• **TASK**
Copy exactly the lines of the material below that run from the one containing "GEORGE online show from 12/27/24, 09:39" through the one containing "15410 BRAMBLEWOOD DRIVE". Copy no other lines.

• **PROVIDED MATERIAL**
☆ ☆ ☆ ☆ ☆ ☆ ☆

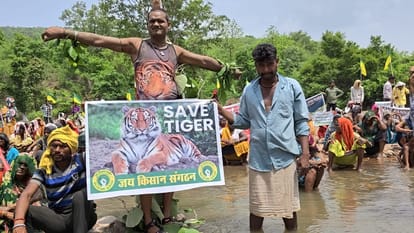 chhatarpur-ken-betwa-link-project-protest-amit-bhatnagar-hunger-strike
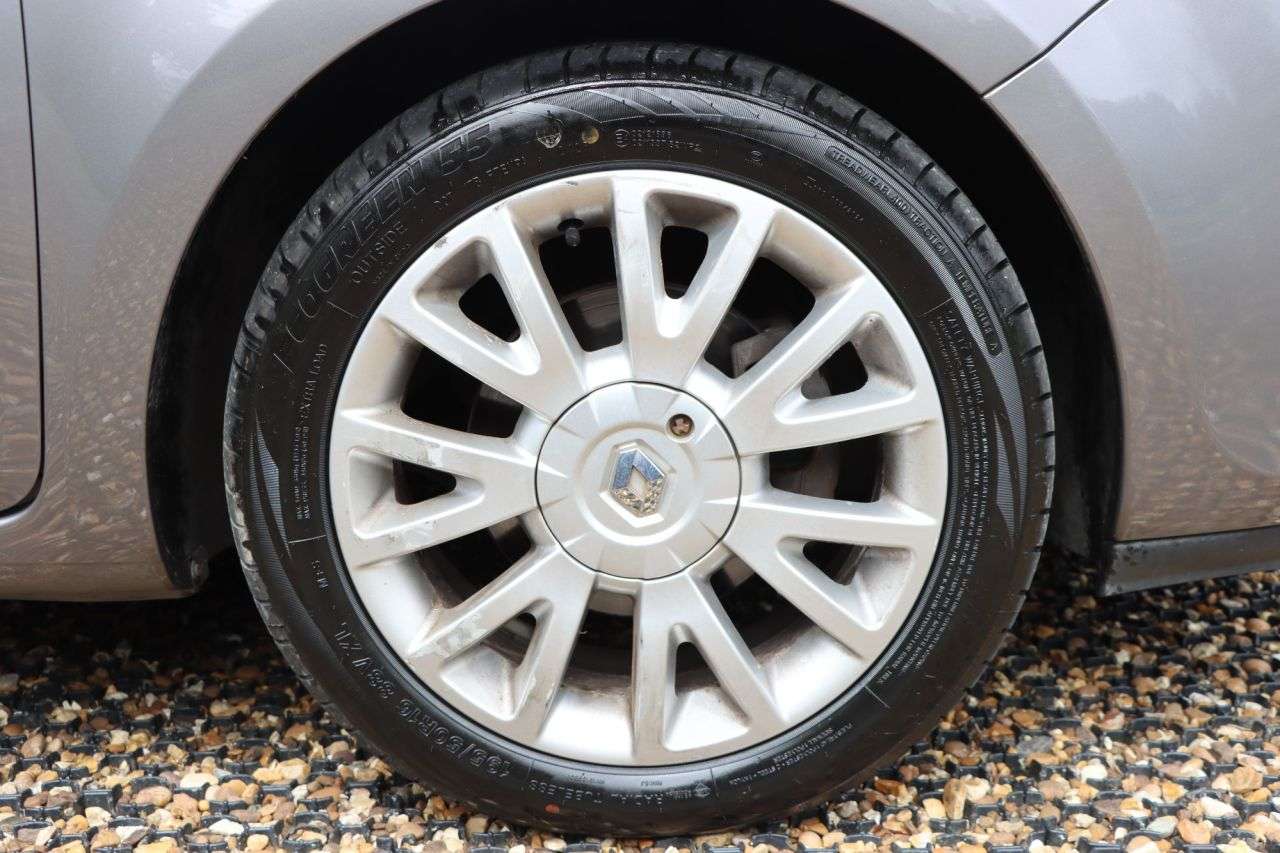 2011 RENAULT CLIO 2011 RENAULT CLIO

☆ ☆ ☆ ☆ ☆ ☆ ☆

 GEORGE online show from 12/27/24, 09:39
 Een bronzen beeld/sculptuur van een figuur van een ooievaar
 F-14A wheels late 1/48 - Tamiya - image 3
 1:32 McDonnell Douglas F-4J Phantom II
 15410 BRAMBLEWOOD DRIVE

☆ ☆ ☆ ☆ ☆ ☆ ☆

• **WRITTEN RESPONSE**
 GEORGE online show from 12/27/24, 09:39
 Een bronzen beeld/sculptuur van een figuur van een ooievaar
 F-14A wheels late 1/48 - Tamiya - image 3
 1:32 McDonnell Douglas F-4J Phantom II
 15410 BRAMBLEWOOD DRIVE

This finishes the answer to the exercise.